In his commentary on Yishayahu 5:9, R. Yosef Kara takes his approach one step further:


"Incline your ear and make yourself subservient to the text. For each and every verse expounded by our Sages, may they rest in peace, although they teach a midrash about it, they ultimately say of it, 'No verse loses its simple meaning.' Thus, we have no better exegetical approach to the verse than its simple meaning… And thus Shlomo, king of Israel, said, 'Incline your ear and hear the words of the wise, and apply your heart to My knowledge…' (Mishlei 22:17) – meaning, even though one is commanded to ['incline one's hear' and] listen to the Sages, ultimately the intention is to 'apply your heart to My knowledge.’ The verse does not say, 'their (the Sages') knowledge,' but rather 'My (God's) knowledge.'"


Here R. Yosef Kara asserts that interpretation of the text in accordance with peshat is not only a legitimate exegetical approach, but is in fact preferable to interpretations that turn to derash.[10]


Translated by Kaeren Fish


[1] On this issue see, inter alia, Kamin's book; N. Leibowitz and M. Ahrend, Perush Rashi la-Torah – Iyyunim be-Shitato, vol. II, Tel Aviv 5750, pp. 363-406; A. Grossman, Emunot ve-De'ot be-Olamo shel Rashi, Alon Shevut 5768, pp. 43-60; Y. Jacobs, "Peshutam shel Mikraot," Shenaton le-Cheker ha-Mikra ve-ha-Mizrach ha-Kadum 22.

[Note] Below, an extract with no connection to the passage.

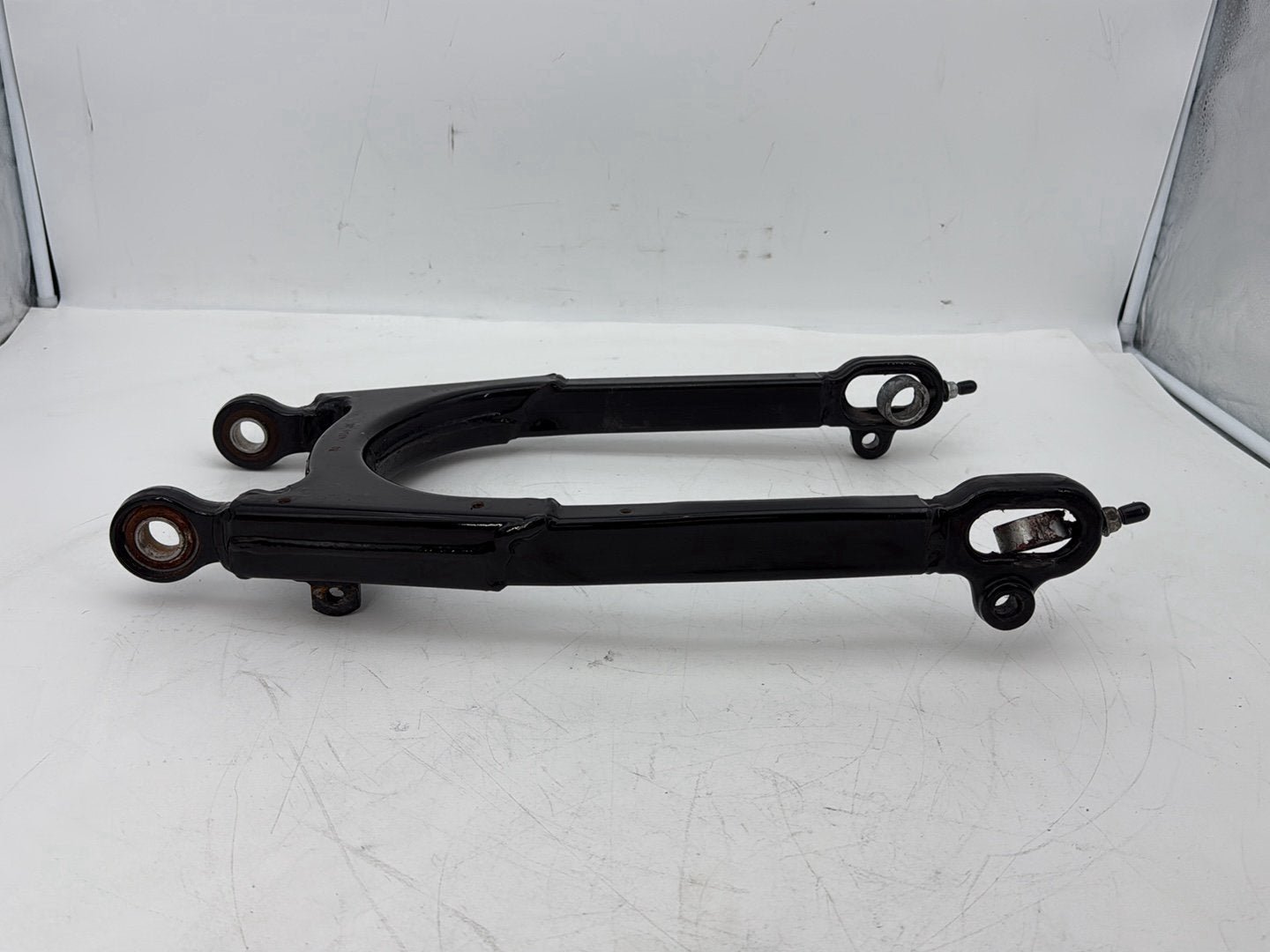 2004 - 2013 Harley-Davidson Sportster 1200 Custom Rear Fork Swingarm Swing Arm 47587-05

[2] For the reasons behind this expansion, see A. Grossman, Chakhmei Tzorfat ha-Rishonim, Jerusalem 5755, p. 471; Touitou, pp. 11-47. Both note that the two principle factors were the 12th century Renaissance and the increasing phenomenon of Jewish-Christian disputations. Grossman adds also the influence of the Judeo-Spanish heritage, with the gradual liberation of the Jews of northern France from subservience to German traditions.

[3] An example is cited by M. Sabbato, "Perush Rashbam la-Torah," Machanayim 3, 5753, p. 123.

[4] For a discussion of Rabbi Yosef Kara and his exegetical approach, see A. Grossman, pp. 254-346, and his references on p. 254, n. 1; concerning his peshat approach see G. Brin, Mechkarim be-Perusho shel R. Yosef Kara, Tel Aviv 5750, pp. 37-45.

[5]For example, "So I heard from R. Yosef…" (Rashi on Yishayahu 64:3); "R. Yosef told me this, in the name of R. Menachem" (ibid. 10:24) – the reference here is to R. Menachem ben Chelbo, the uncle of R. Yosef Kara. (For more about him, see Grossman, pp. 340-346.)  

[6] For example, "This I heard from my friend R. Yosef Kara…" (Rashbam on Bereishit 37:13).

[7] We have already examined one example of his approach, in an earlier chapter, as part of our discussion of the identity of the author of Sefer Shmuel.

[8] I have not found the source of this midrash. S. Epstein, in his Perushei Rabbi Yosef Kara le-Nevi'im Rishonim, Jerusalem 5733, p. 24, n. 2, writes: "See Avoda Zara 2b," but fails to note that the Gemara there is connected only in a most general way to the idea that God approached the other nations to give them the Torah, and they did not accept it; there is no reference at all there to the Song of Devora. Mikraot Gedolot ha-Keter, Yehoshua-Shoftim, Jerusalem 5752, p. 107, is unfortunately even more misleading in this regard, since the reference there is simply to Massekhet Avoda Zara, without even the qualifying "see".

[9] According to Chazal, a "tekufa" (season, period of time) means a quarter of a year – i.e., three months.

[10] A similar view is expressed by R. Yishayahu di Trani (the Younger), who lived in 13th century Italy (for more about him see Y. Lipschitz [ed.], Sanhedri Gedola V [part II], Jerusalem 5732, pp. 5-10): "And they taught, 'The text never loses its plain meaning'; this is the essence. Of the midrashim that are expounded around it, some are essentially closer to the peshat, while others are [removed from the plain meaning] almost to the level of 'remez'" (Piskei R. Yishayahu Acharon z"l, Sanhedrin 11:7, Wertheimer edition, Jerusalem 5754, p. 194; for more on his assertion here see Elbaum, pp. 96-104); "And the Torah Sages taught that 'the text never loses its plain meaning' – i.e., although any person is entitled to expound on the text in any matter that may be expounded…. Nevertheless, the plain meaning of the text is its essence, and this is the truth, for the text never loses its plain meaning" (Kuntres ha-Raayot le-R. Yishayahu Acharon z"l, Sanhedrin 90a, Wertheimer edition, p. 91).